Query-based Image Captioning from Multi-context 360-degree Images
Findings of the Association for Computational Linguistics: EMNLP 2023 · December 2023
A novel image captioning approach that leverages queries and multi-context 360-degree imagery.
BibTeX
@inproceedings{maeda2023quic360,
title = {Query-based Image Captioning from Multi-context 360-degree Images},
author = {Koki Maeda and Shuhei Kurita and Taiki Miyanishi and Naoaki Okazaki},
booktitle = {Findings of the Association for Computational Linguistics: EMNLP 2023},
pages = {6940--6954},
year = {2023},
address = {Singapore},
publisher = {Association for Computational Linguistics}
}
Abstract
This paper introduces Query-based Image Captioning (QuIC) for 360-degree images, where a query (words or short phrases) specifies the context to describe.
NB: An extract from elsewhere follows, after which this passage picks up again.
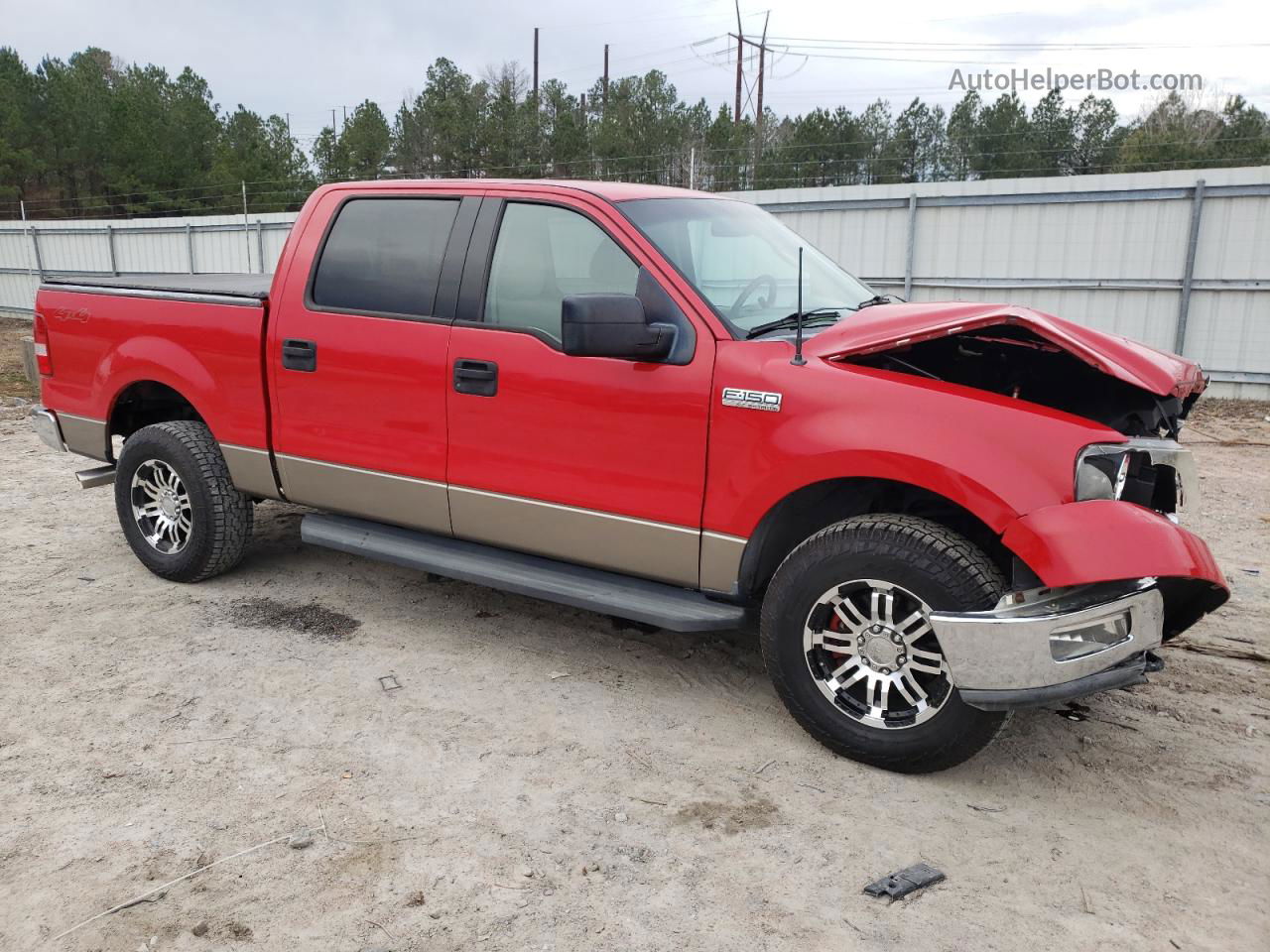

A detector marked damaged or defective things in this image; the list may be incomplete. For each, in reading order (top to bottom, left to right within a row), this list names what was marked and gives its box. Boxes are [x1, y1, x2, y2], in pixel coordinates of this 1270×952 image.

crumpled hood [808, 301, 1204, 398]
exposed headlight [1077, 438, 1194, 515]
This task is more challenging than conventional image captioning, as it requires fine-grained scene understanding to select content consistent with the user’s intent based on the query. We constructed a dataset comprising 3,940 360-degree images and 18,459 pairs of queries and captions annotated manually. Experiments demonstrate that fine-tuning image captioning models on our dataset can generate more diverse and controllable captions from multiple contexts of 360-degree images.